We're dependent upon imports and, you know, I think we're going to see some supply problems the first of the year just going from MTBE to ethanol and going to Tier 2 and the impact it's going to have on imports.
So I think it's really going to strain.
I mean, obviously there's not capacity being added in the U.S. to keep up with demand.
So you are more dependent upon imports, and all the regulations keep shrinking capacity.
At some point, something's got to give.
Chi Chow - Analyst
Great.
Thanks a lot.
Operator
Your next question comes from the line of Jay Media of Forest Investments.
Please go ahead.
Jay Media - Analyst
Thanks for the call.
Actually I have a little bit of a different question.
I want to ask about the dividend going forward, if you guys had reviewed, you know, dividend policy.
And also, if you could relate that to the preferred that you just issued, whether the preferred dividend will, you know, vary based on your indications for the common dividend.
Thanks.
Lee Bailey - Vice President, Investor Relations
Okay.
On an annual basis around the third quarter, we will look at our future projected earnings and cash flow and then make a determination of whether we want to increase the dividend in the fourth quarter.
So we'll look at that annually.
Our common dividend policy will not affect the dividend on the convertible preferred.
So it's 2%.
Jay Media - Analyst
Okay.
And you said the third quarter, you will review that annually?

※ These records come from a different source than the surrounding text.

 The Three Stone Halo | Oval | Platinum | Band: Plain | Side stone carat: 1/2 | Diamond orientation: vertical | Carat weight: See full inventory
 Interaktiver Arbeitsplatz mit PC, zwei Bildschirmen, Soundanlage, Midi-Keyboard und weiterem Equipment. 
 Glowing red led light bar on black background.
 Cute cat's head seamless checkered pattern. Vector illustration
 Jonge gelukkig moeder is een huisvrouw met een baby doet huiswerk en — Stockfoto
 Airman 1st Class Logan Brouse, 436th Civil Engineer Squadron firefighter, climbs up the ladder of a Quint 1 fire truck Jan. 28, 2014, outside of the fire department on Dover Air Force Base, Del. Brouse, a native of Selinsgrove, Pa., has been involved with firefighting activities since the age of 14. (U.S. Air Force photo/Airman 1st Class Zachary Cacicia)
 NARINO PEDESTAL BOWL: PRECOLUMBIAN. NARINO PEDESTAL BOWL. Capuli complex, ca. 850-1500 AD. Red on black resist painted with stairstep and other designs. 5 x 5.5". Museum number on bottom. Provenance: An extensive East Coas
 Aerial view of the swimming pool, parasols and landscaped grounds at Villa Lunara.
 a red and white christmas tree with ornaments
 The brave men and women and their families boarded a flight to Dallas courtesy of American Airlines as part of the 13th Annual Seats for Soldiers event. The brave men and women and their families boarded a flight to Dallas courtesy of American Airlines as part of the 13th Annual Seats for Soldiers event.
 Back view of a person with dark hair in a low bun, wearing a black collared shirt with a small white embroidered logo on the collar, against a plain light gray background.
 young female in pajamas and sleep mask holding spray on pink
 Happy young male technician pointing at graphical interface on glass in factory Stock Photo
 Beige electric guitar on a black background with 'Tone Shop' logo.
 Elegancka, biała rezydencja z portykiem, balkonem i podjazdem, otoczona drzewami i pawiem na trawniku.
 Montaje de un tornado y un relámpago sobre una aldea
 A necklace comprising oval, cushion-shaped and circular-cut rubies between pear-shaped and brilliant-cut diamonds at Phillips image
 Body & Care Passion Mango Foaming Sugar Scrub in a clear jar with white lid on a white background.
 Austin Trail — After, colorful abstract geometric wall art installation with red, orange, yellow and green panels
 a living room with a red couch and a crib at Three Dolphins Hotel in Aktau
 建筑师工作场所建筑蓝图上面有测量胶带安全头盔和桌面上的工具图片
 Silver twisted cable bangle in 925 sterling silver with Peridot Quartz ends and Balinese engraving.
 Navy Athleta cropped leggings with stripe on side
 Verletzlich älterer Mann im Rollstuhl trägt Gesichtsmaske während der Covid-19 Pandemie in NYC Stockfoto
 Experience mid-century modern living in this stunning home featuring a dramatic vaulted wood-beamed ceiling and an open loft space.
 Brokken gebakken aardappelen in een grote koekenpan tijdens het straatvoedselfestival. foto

Lee Bailey - Vice President, Investor Relations
Right.
Jay Media - Analyst
So you mean in coming up here, you are about to do the review?
Lee Bailey - Vice President, Investor Relations
We've already done it for this year because we've increased our dividend for the fourth quarter 2 cents.
So next year we'll look at it early in the third quarter.
Jay Media - Analyst
Okay, okay.
Got it.
Thanks very much.
Operator
Your next question comes from the line of Paul Cheng at Lehman Brothers.
Please go ahead.
Paul Cheng - Analyst
Thank you.
Hey, guys.
Quick question.
Maybe this is for Bill or John.
In terms of wrongful mix, how you guys know is it going to be reasonably normal, heavy, or not?
Bill
Rich Marcogliese is going to answer that.
Rich Marcogliese
We've got a moderate level of turnaround activity in the first quarter on the West Coast, we're going to take the Appalachian unit down in Benicia and that is to expand capacity on the unit to compensate for MTBE phaseout.
Also on the West Coast, in January we're going to take the cat-cracking complex at Wilmington down for about 33 days, and we're going to do a full reactor replacement project for liability purposes on that unit.
In the Gulf Coast we will take down the crude unit, crude and vacuum and St. Charles refinery and this is for a planned crude expansion project that will take us from 155,000 to 180,000 barrels a day.
Paul Cheng - Analyst
Okay.
That's it.
Rich Marcogliese
Those are the big ones.
Operator
Your next call comes from the line of Ted Izatt of Lehman Brothers.
Please go ahead.
Ted Izatt - Analyst
Hi, good morning, everybody, congratulations on a great quarter.
Really I have two questions.
One, on the Tier 2 environmental cost, you said $1.2 to $1.4 billion over the next three years, I guess, through 2006.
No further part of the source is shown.